# How to clean my walls with matte paint?



## MelW (Jan 13, 2005)

I've always had gloss or semi-gloss, which seems to wipe down nicely with just water. We just moved in to a new place in July, and my walls are covered in toddler fingerprints and general grime. But when I wipe them down, my rags shed and leave them looking bad, and if I rub at anything paint comes off.

The bathroom is especially troublesome- the fan isn't terrific, so the walls get wet with the morning showers. There are streaky water marks all over the wall near the shower (I do leave the fan on for quite a while in the morning, but it doesn't seem to make a difference- it's the initial shot of steam during the shower).

Should I be using a "product"? How can I wash the walls without taking the paint off?


----------



## mack (Sep 5, 2007)

This is why the average rental is painted every 5 years, and the average homeowner paints every 7 years. There is no way to REALLY clean flat paint (though if you want, a sponge mop and some TSP will do an adequate job). Just prime and re-paint, and never put a flat in a bathroom or kitchen- that's what semi-gloss is for. I feel your pain. I'm not sure which I hate more- grimy walls or painting.


----------



## MelW (Jan 13, 2005)

Thanks for the advice.
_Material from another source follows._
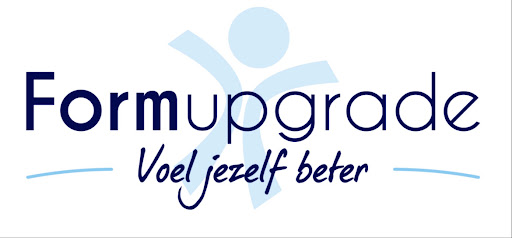 Formupgrade logo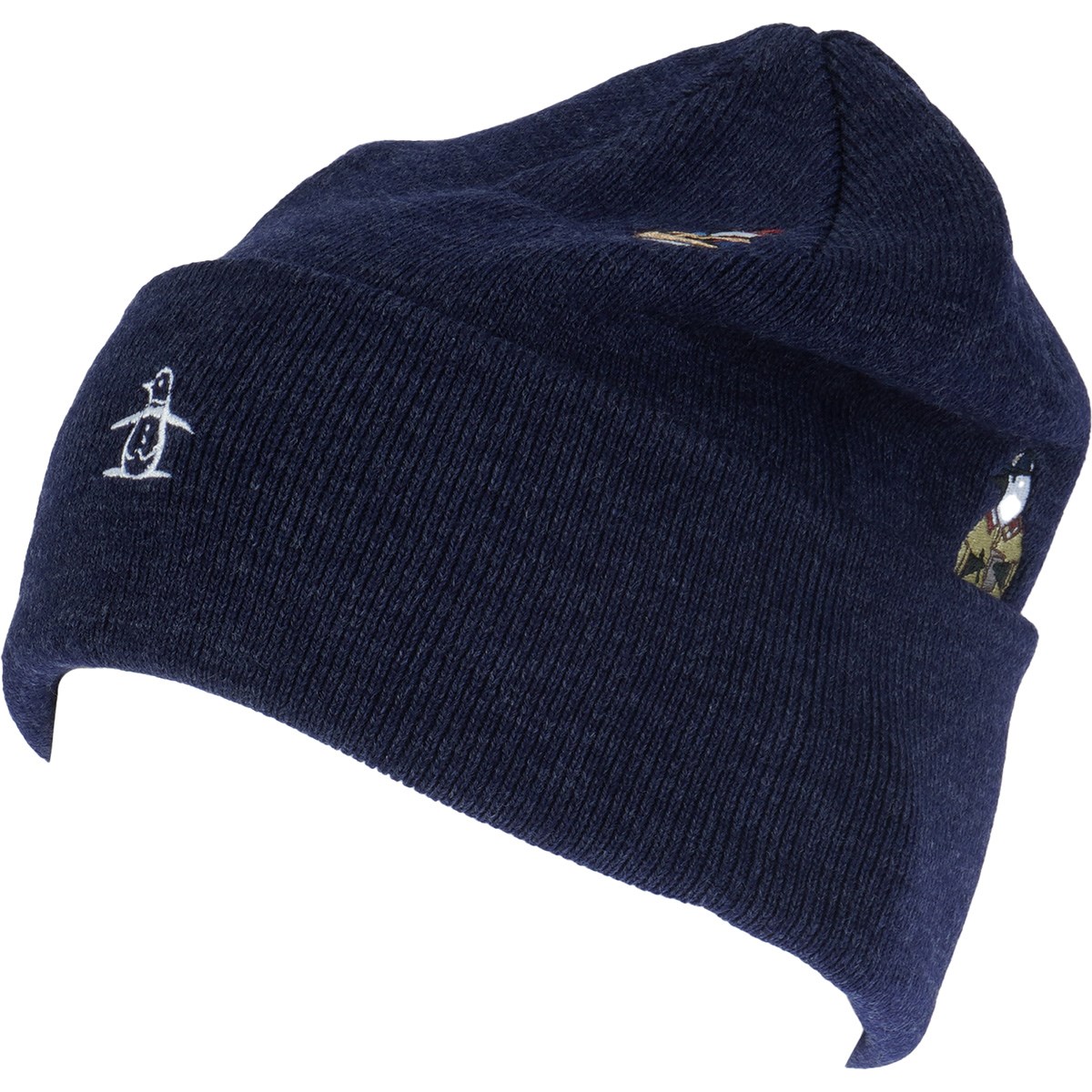 [2025Nf] }VOEFA Munsingwear 70th ANNIVERSARY LN^[hJjbgb` lCr[ 00 Y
Why someone would paint a rental suite with flat paint throughout is beyond me. The house was new three years ago, then repainted right before we moved in. We've only been here four months, and it already looks bad


----------



## wendyland (Apr 5, 2003)

Usually, they paint with flat because it hides flaws in the walls or maybe the flat paint was cheaper. Our kitchen cabinets were painted with a flat paint when we moved it. I had to paint them almost immediately.

Those magic eraser sponges do a pretty good job for small smudges and fingerprints.


----------



## ilovebabies (Jun 7, 2008)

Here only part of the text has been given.